Free Shipping is a staple promotion among online retailers and for good reason. A recent PayPal and comScore study showed that 43% of shoppers abandoned shopping carts because of shipping costs. That leaves 57% of shoppers who started a shopping cart to go through your checkout process and dropoff because of other reasons (i.e. taxes, price shopping, etc.). Depending on numerous factors, your conversion rate may be around the 2% range.
Free Shipping may be more of a drain on retailers’ bottom line nowadays because of rising fuel costs. Recently, UPS updated their fuel surcharges to as high as 32% for air shipments! So this opens up a variety of questions for an online retailer that wants to increase (or at least maintain) year over year revenue numbers in this not-so-favorable economic climate.
Should I Keep Free Shipping?
Dig into your numbers and see what impact free shipping has on order volume, conversion rate, average order value, shipping costs, shipping revenue and margin before and after the fuel prices rose. If these numbers were favorable before fuel prices became burdensome then you need to consider keeping the promotion active and changing some qualifiers. After all, this is a temporary (not sure how temporary) situation and economic downturns are an opportunity to gain market share and grow rapidly when the economy turns around.
I have always approached free shipping promotions as a way to boost order volume, units per transaction, average order value and conversion. To do this I put in minimum order values to qualify for the promotion. There are multiple factors to consider, including: average online order value, shipping discounts you receive and your competition.
As a rule of thumb, I start with the minimum qualifying order value as the online average order value. Then I look at what increase in AOV I’d need to achieve to offset the lost shipping revenue to maintain a favorable margin. In most cases this has turned out to be 15% more than current online AOV. What you’ll find is that you may realize a 40% increase in actual AOV from the promotion.
Your shipping discounts and competition will weigh in on where you actually set the minimum order qualifier. If you ship out large volumes with UPS or FedEx you probably get great discounts. If not, renegotiate your rates with your rep and be sure to use their competitors to your advantage (i.e. tell your UPS rep that you’re strongly looking at FedEx for ground shipments and vice versa). If your own competition is offer free shipping at lower order amounts then you need to see what you can do to get near that level because you want to take away their customers. This leads into the next question….
What Alternatives Do I have?
To cut down on your shipping costs and offer free shipping at low order amount qualifiers you can consider using USPS. Using regular mail offers advantages over the other carriers because it’s a lot cheaper. However, disadvantages are present when using USPS. For example, you don’t get tracking with regular mail. Tracking only comes with Priority mail and even that is close to useless because you only see when it leaves and when it reaches the customer. The lack of visibility of what happens in between can cause customer service nightmares. But, it’s still worth a look if you’re selling non-perishable items and tell customers up front what to expect.

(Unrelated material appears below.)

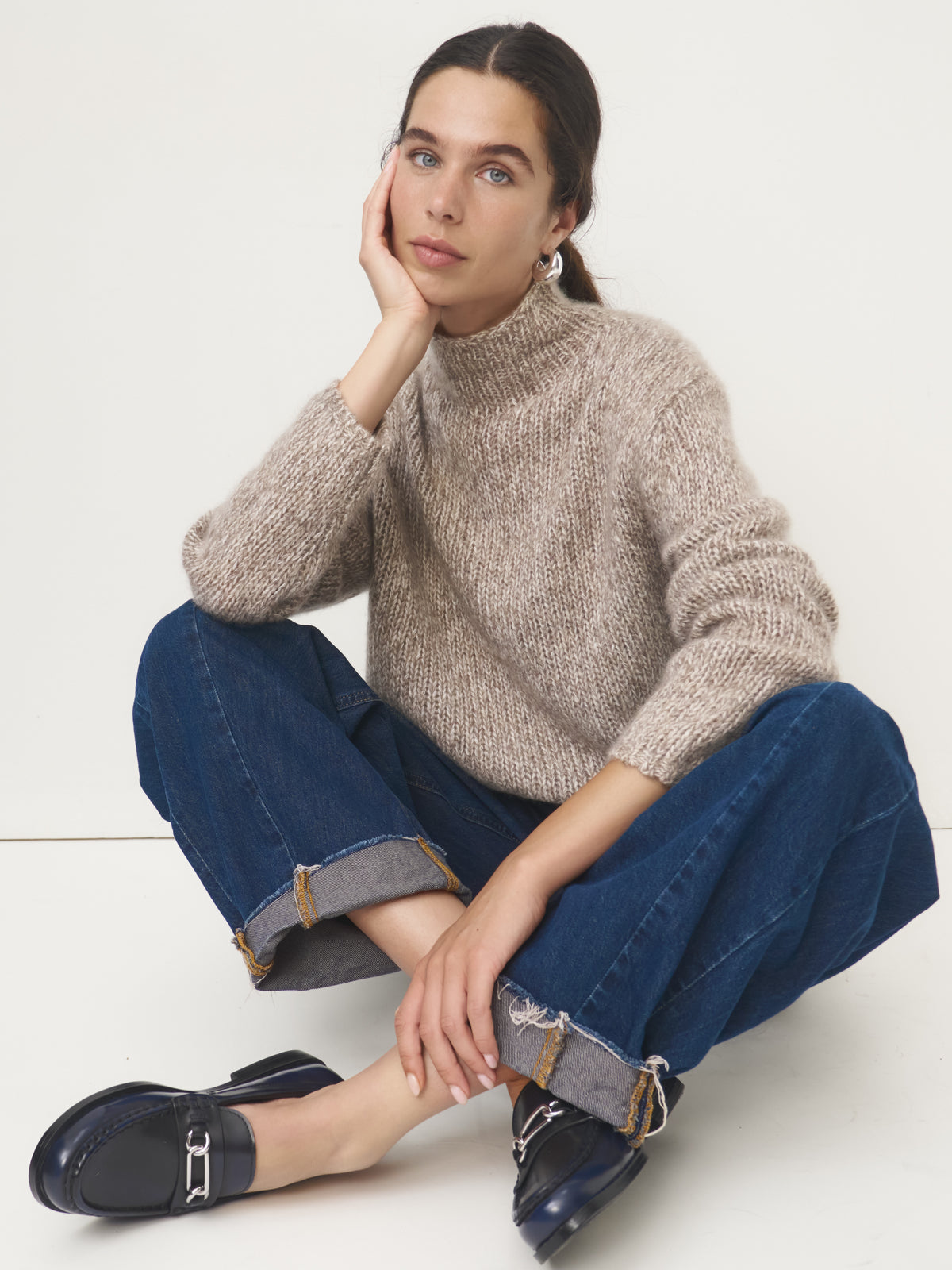 Modell trägt einen beigen Kaschmir-Cardigan von ESISTO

Look at your packaging materials. Can you cut down on your box dimensions, the type of dunnage used, and if product can be shipped without a box. The later is a perfect opportunity for apparel retailers and book retailers to use biodegradable plastic shipping wrappers because it can be folded down to nearly the exact dimensions of the product and is much lighter than using a box and dunnage.
When marketing your free shipping promotion be sure to use some real life cues to help get your message across. By shopping online your customers can save money (and time) by not traveling to a store and standing in line and they may save on sales tax.